» **MATERIAL PROVIDED**
☆ ☆ ☆

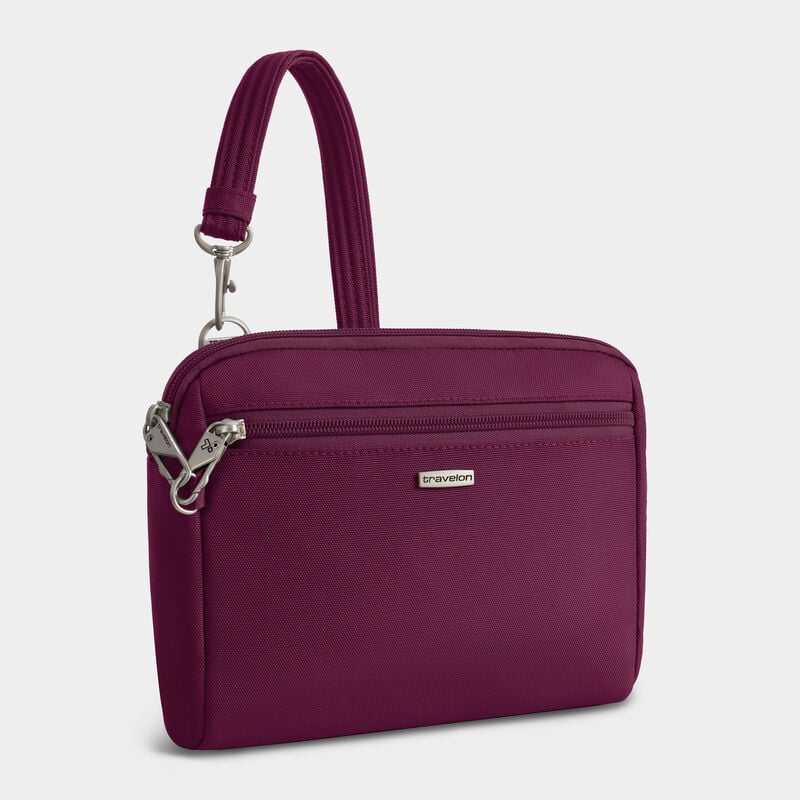 SAC BANDOULIÈRE ANTIVOL TRAVELON CLASSIQUE 41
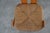 Postmodern Sculptural Oak and Rush Seat Dining Chairs, 1970s, Set of 4 For Sale - Image 10 of 13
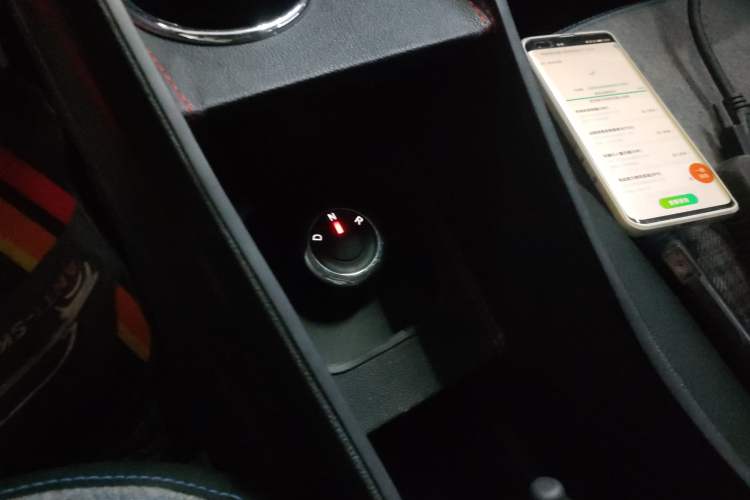 Used Dongfeng NAMMI EX1 2022 PRO Joyful Edition Gear Lever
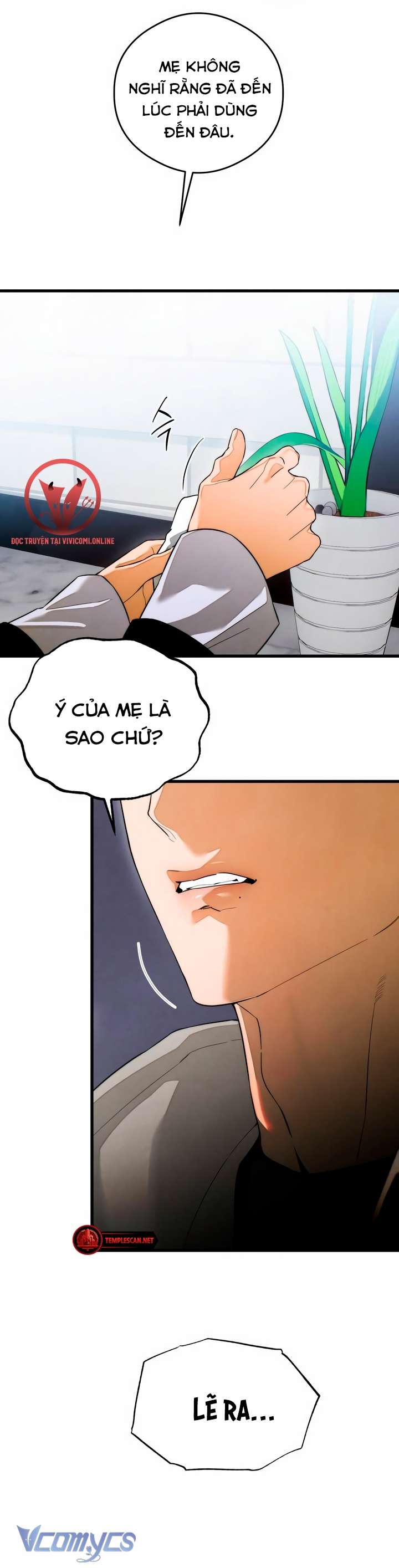 [18+] Mong Ước Của Ác Quỷ Chap 32 - Trang 2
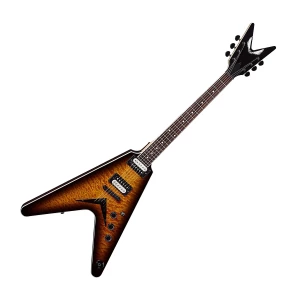 DEAN VX QM TBZ - электрогитара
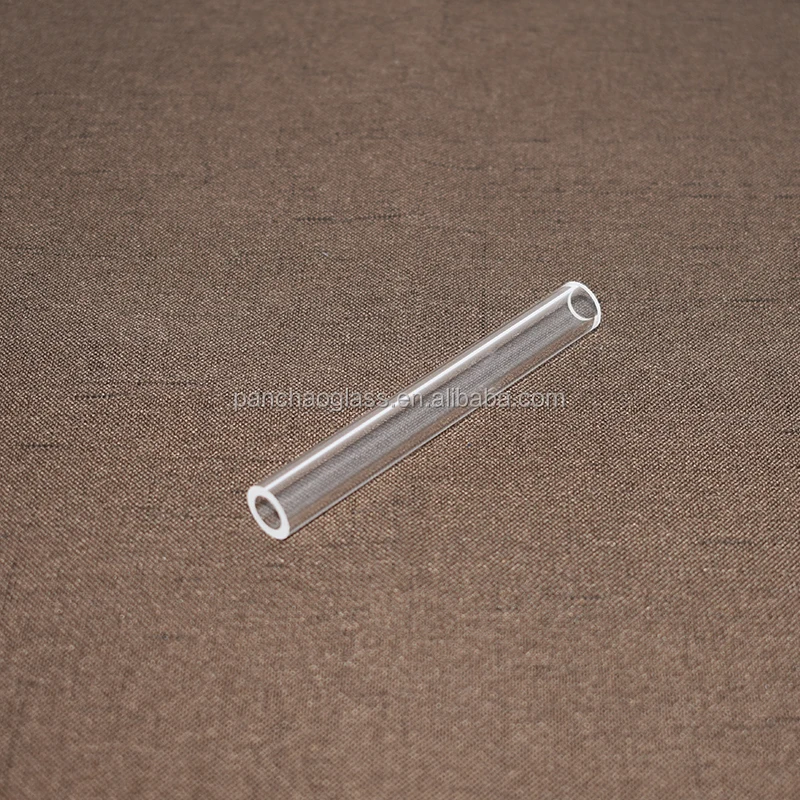 Heat Resistant Borosilicate Glass Tube Blowing Clear Glass Tubing Buy Borosilicate Glass Tube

☆ ☆ ☆

» **TASK DETAILS**
Nothing but the lines from the line containing "DEAN VX QM TBZ - электрогитара" through the last line of the records above should be written out, exactly and without the pictures.

» **COMPLETED TASK**
 DEAN VX QM TBZ - электрогитара
 Heat Resistant Borosilicate Glass Tube Blowing Clear Glass Tubing Buy Borosilicate Glass Tube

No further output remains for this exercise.